Cinematic milestone: the shocking reaction to the world’s first on-screen kiss

For decades, sex and nudity have been used in advertising, with companies trying to get us to buy products by wielding a half-naked woman in front of our eyes despite having very little to do with what’s been sold to us. There came a time when film production companies clocked just how powerful these images were in the advertising world, subsequently adorning movie posters with scantily-clad actors, too, even if the movie itself wasn’t overtly sexual.

But, of course, many of these films did – and continue to – contain sexualised women dressed to appeal to an audience rather than necessarily benefit the plot. The oversaturation of sexualisation in cinema has made seeing sex and nudity on the big screen second nature – we rarely bat an eye at the kinds of scenes that would’ve previously been reserved for pornographic pictures. There are even films containing genuine, unsimulated sex, like Gaspar Noé’s Love and John Waters’ Pink Flamingos.

These are movies that push boundaries, depicting violence and sexuality with explicit frankness. It feels like, since the late 1960s, pretty much anything you can imagine has made it onto the silver screen. Since the Hays Code was eased in the mid-60s, censorship in cinema has rapidly declined, allowing filmmakers to show scenes dealing with taboo topics. That doesn’t mean that audiences have always been receptive – people still find movies like Pink Flamingos or Salo hard to stomach. Many movies are still banned across the world, labelled as outrageous, or even condemned as an act of cinematic obscenity.

Yet, cinema has come a long way to get this far. The early days of the medium were a novelty – people couldn’t believe that this new technology existed. Before narrative cinema became a thing, these early experimenters captured short moments, such as workers leaving a factory or a family socialising in the garden.

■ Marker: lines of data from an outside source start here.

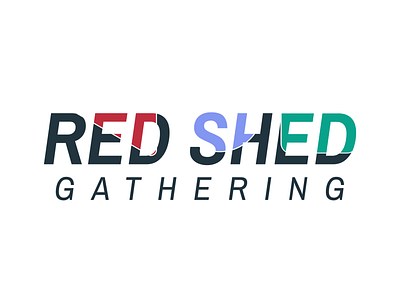 Red Shed Gathering logo branding design logo vector web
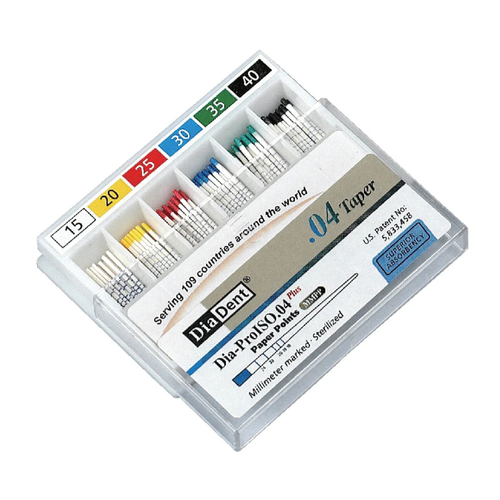 mm-Marked Dia-Pro ISO GT Paper Points .04, 100/Box, #45-80 Assorted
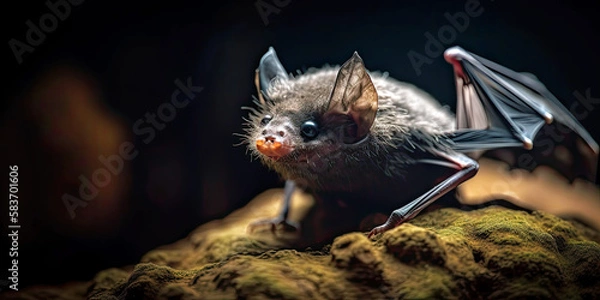Fototapeta Small Bat, Generative AI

There were a few early pieces of cinema that caused controversy, such as The Kiss, released in 1896. The piece was directed by William Heise in collaboration with Thomas Edison and featured the first kiss between a man and a woman ever captured on film.

It’s interesting to note that in the 1880s, Eadweard Muybridge pioneered instantaneous photography, creating the illusion of movement through his successive images. He used naked models, getting them to carry out various activities for anatomical purposes, and one of these included a kiss. It was between two women, technically making the first-ever kiss segment a same-sex one. Yet, because of the era’s views around female sexuality, the ‘lesbian’ kiss went unnoticed. Many people couldn’t even fathom that two women could have sexual feelings for one another (although, of course, many did).

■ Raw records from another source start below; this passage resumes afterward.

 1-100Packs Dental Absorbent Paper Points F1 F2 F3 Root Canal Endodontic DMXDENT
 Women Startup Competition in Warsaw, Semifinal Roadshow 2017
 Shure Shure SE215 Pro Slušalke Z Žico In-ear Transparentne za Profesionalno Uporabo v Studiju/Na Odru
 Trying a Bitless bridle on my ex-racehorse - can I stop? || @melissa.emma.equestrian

When The Kiss emerged a few years later, plenty of people were shocked by the display of affection playing out in front of them. At the time, kissing in public wasn’t a ‘done’ thing, so it was unusual to see a man and woman sharing an intimate moment projected onto a big screen—even though it was just 18 seconds long.

In an 1896 article in The Chap-Book, one reviewer expressed a sense of disgust for the film, writing, “The spectacle of the prolonged pasturing on each other’s lips was beastly enough in life size on the stage but magnified to gargantuan proportions and repeated three times over it is absolutely disgusting.” While this wasn’t the widespread belief of audiences, it’s fascinating to think that some viewers really were violently offended by watching two people share a peck on the lips, while these days, we see much more graphic scenes on our televisions, even before the 9pm watershed.